> [Exercise] Print every line of the listing below, starting with the line that holds "AONEGOLD Mujer Botas" and going on through the line that holds "Alfi Eco Vacuum", both included, and print nothing else.

> [Material supplied]

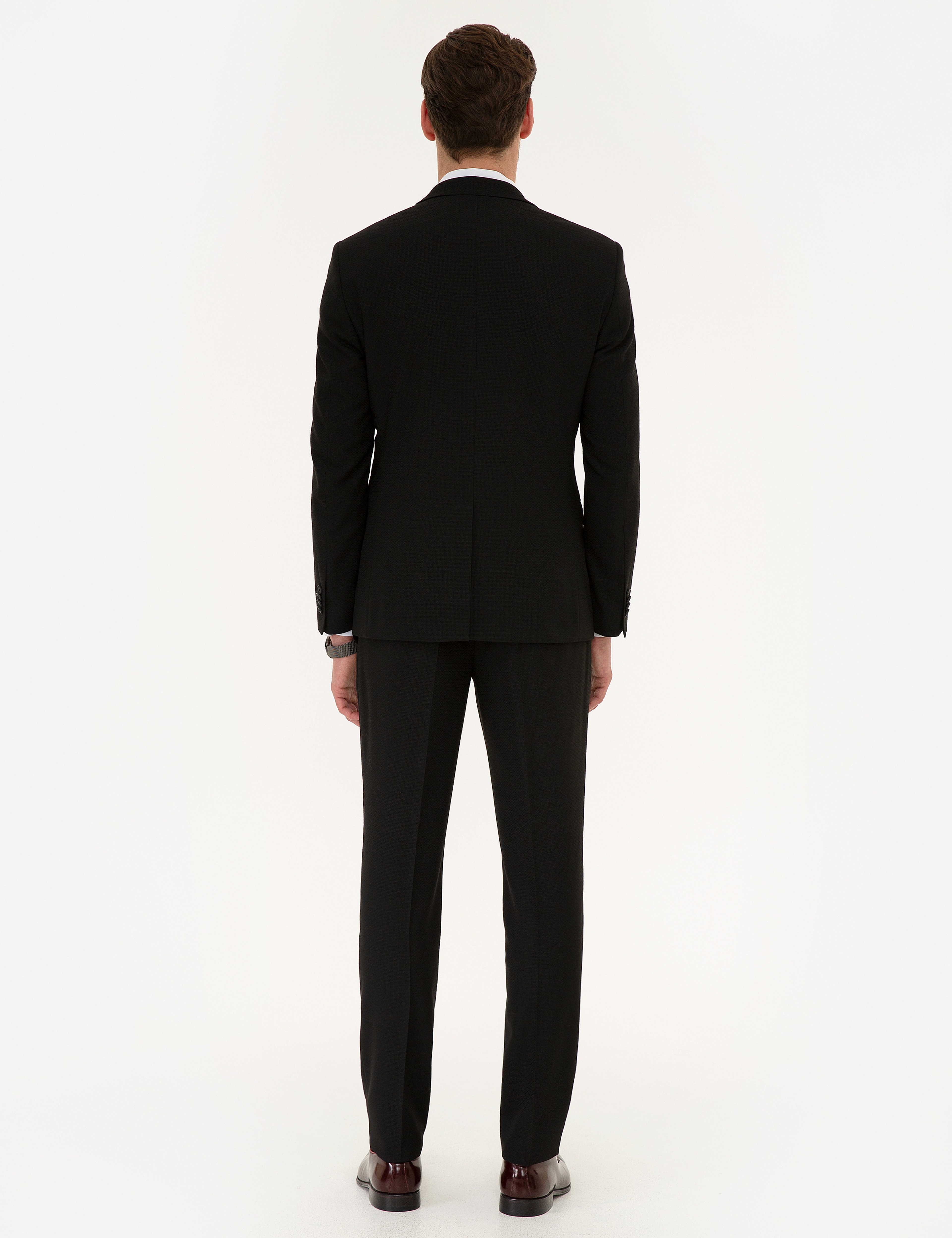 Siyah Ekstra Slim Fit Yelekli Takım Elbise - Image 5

==

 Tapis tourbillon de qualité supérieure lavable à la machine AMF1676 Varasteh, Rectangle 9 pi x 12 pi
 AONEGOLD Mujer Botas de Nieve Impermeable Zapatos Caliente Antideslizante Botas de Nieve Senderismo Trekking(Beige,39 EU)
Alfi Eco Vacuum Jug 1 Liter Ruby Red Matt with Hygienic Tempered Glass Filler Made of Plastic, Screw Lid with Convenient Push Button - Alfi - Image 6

> [Your response]
 AONEGOLD Mujer Botas de Nieve Impermeable Zapatos Caliente Antideslizante Botas de Nieve Senderismo Trekking(Beige,39 EU)
Alfi Eco Vacuum Jug 1 Liter Ruby Red Matt with Hygienic Tempered Glass Filler Made of Plastic, Screw Lid with Convenient Push Button - Alfi - Image 6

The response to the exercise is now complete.